What you need to do: For this exercise, write out only the lines of the entries below from the one with "EMT firefighter Colton" up to and including the one with "Light-colored wall paint", exactly as they are. Pictures stay out.

[Information shown — start]

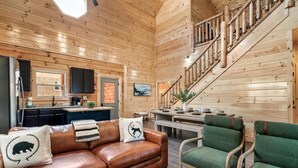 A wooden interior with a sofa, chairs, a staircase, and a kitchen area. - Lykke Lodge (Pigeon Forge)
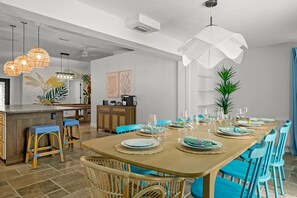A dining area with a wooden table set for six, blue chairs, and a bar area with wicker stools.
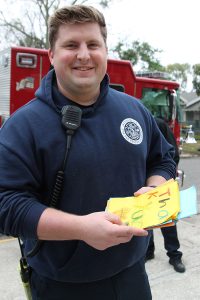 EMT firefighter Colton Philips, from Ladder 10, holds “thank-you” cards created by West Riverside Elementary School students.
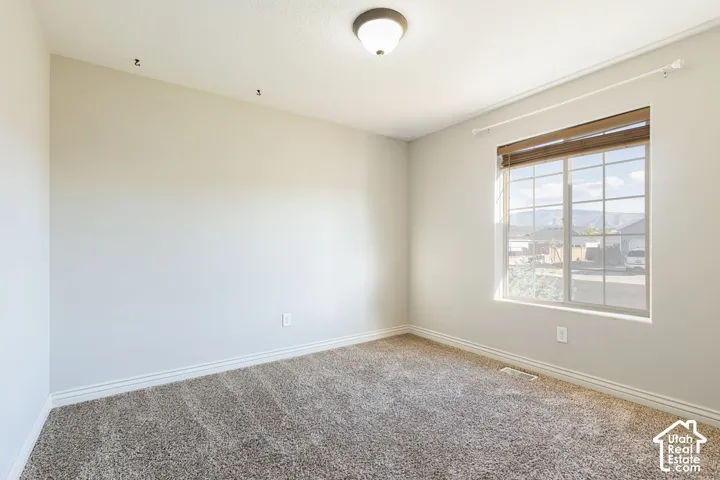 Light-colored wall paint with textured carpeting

[Information shown — finish]
[Information shown — start]

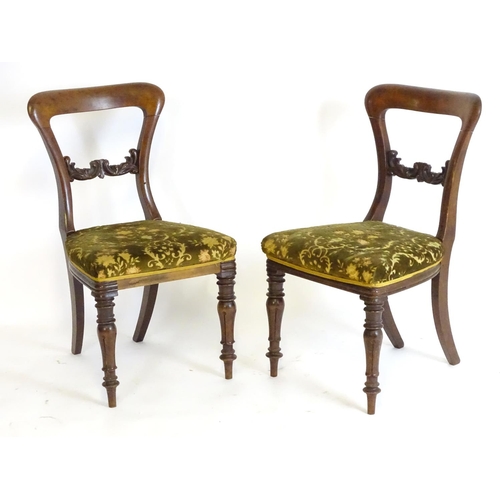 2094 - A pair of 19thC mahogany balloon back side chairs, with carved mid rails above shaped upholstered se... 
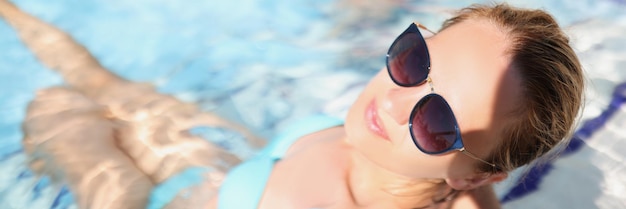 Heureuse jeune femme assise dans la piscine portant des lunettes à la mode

[Information shown — finish]

Exercise result:
 EMT firefighter Colton Philips, from Ladder 10, holds “thank-you” cards created by West Riverside Elementary School students.
 Light-colored wall paint with textured carpeting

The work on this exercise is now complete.